“Who Pays Inheritance Taxes?” is part of the Executor Duties 101 series, an occasional series by Executor.org that highlights steps in the process of settling an estate.
When we die, the assets we leave to beneficiaries can be subject to inheritance taxes, which are also often referred to as death taxes. Since it can be confusing as to who, when, how — and even if — you will pay taxes on inheritances, it is important to understand the difference between terms such as inheritance tax and estate tax and the rules for each.
An inheritance tax is a tax charged in certain states on money or property received from the estate of a deceased person. The beneficiary of the money or property must pay any due inheritance taxes individually.
As of the 2016 tax year, six states impose this tax – Iowa, Kentucky, Maryland, Nebraska, New Jersey and Pennsylvania. The inheritance tax rate in these states ranges from one percent to 20 percent.
Once an executor has divided up and distributed the deceased’s assets, any due inheritance taxes will be determined. You will pay the tax based specifically on the amount you received and if this amount is under a certain threshold, you might not owe any taxes at all. For example, a state might charge a 10 percent tax on all inheritances greater than $2 million.
If you inherited less than this amount, no inheritance taxes are due. So say you inherit $6 million from a friend, you will be required to pay taxes on everything other than the first $2 million. So your inheritance tax bill will be $400,000 – 10 percent of the taxable amount of $4 million – and you will be required to report this information on an inheritance tax form.
Keep in mind, there are exemptions that can spare you this cost under certain circumstances. For example, depending on your relationship with the deceased, you might receive an exemption or pay a reduced tax inheritance tax rate. In most states, spouses are considered exempt and children and other dependents might qualify for an exemption or partial exemption, too.
An estate tax also applies to the deceased’s money and property, but it is not charged to beneficiaries. It is instead taken out of the deceased’s assets prior to any monies or property being distributed to beneficiaries. Estate taxes can be charged on both a state and federal level and are typically due within nine months of the deceased’s date of death.

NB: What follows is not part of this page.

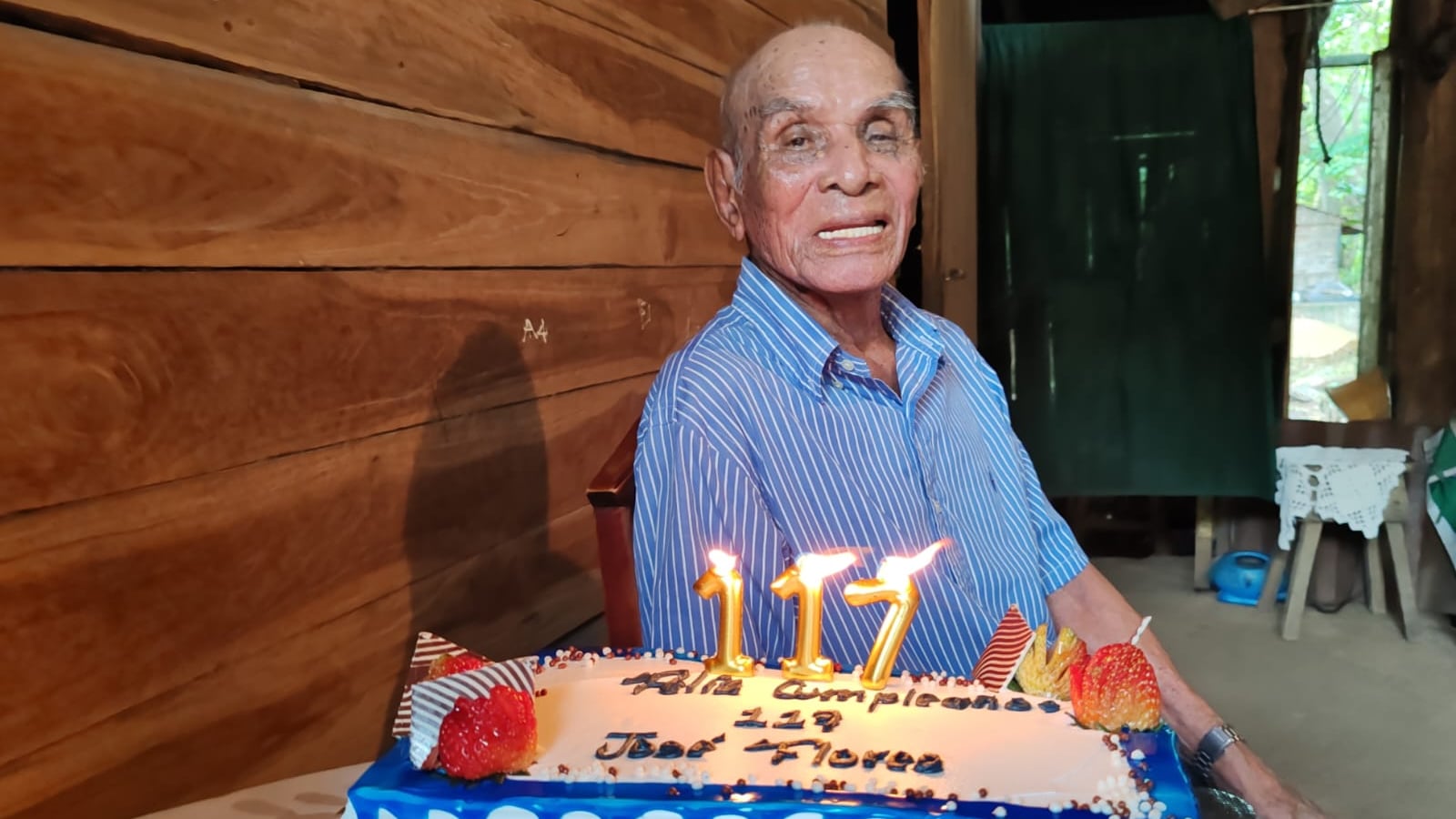 José Flores Flores nació el 11 de julio de 1907 en el cantón de Cañas, Guanacaste y al celebrar su cumpleaños 117 se mostró puras Tejas, está súper entero y lúcido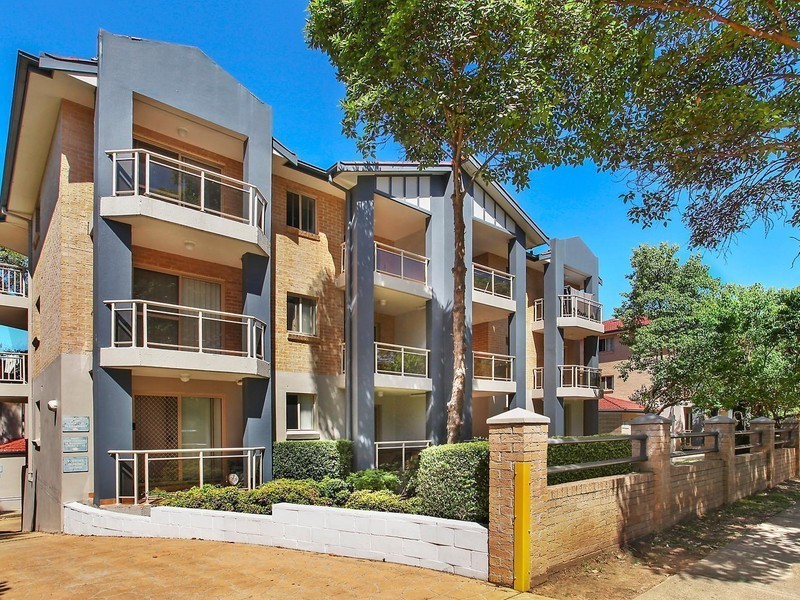 13/30 Memorial Avenue, Merrylands NSW 2160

Keep in mind, like inheritance taxes, an estate tax on the federal level will not be levied unless the value of the estate exceeds a certain amount. For the tax year 2016, this amount is set at $5.45 million. So if the deceased’s entire list of assets – home, vehicles, properties, jewelry, etc. – is valued under $5.45 million, no federal estate taxes will be due.
State estate taxes, however, might still be charged. Fourteen states (Connecticut, Delaware, Hawaii, Illinois, Maine, Maryland, Massachusetts, Minnesota, New Jersey, New York, Oregon, Rhode Island, Vermont and Washington) and the District of Columbia collect estate taxes when a person dies.
Given the possible exemptions and varying rules, it is wise to consult with a tax adviser, tax attorney, or accountant for advice and to ensure you pay the proper amount of taxes on any inheritance you receive.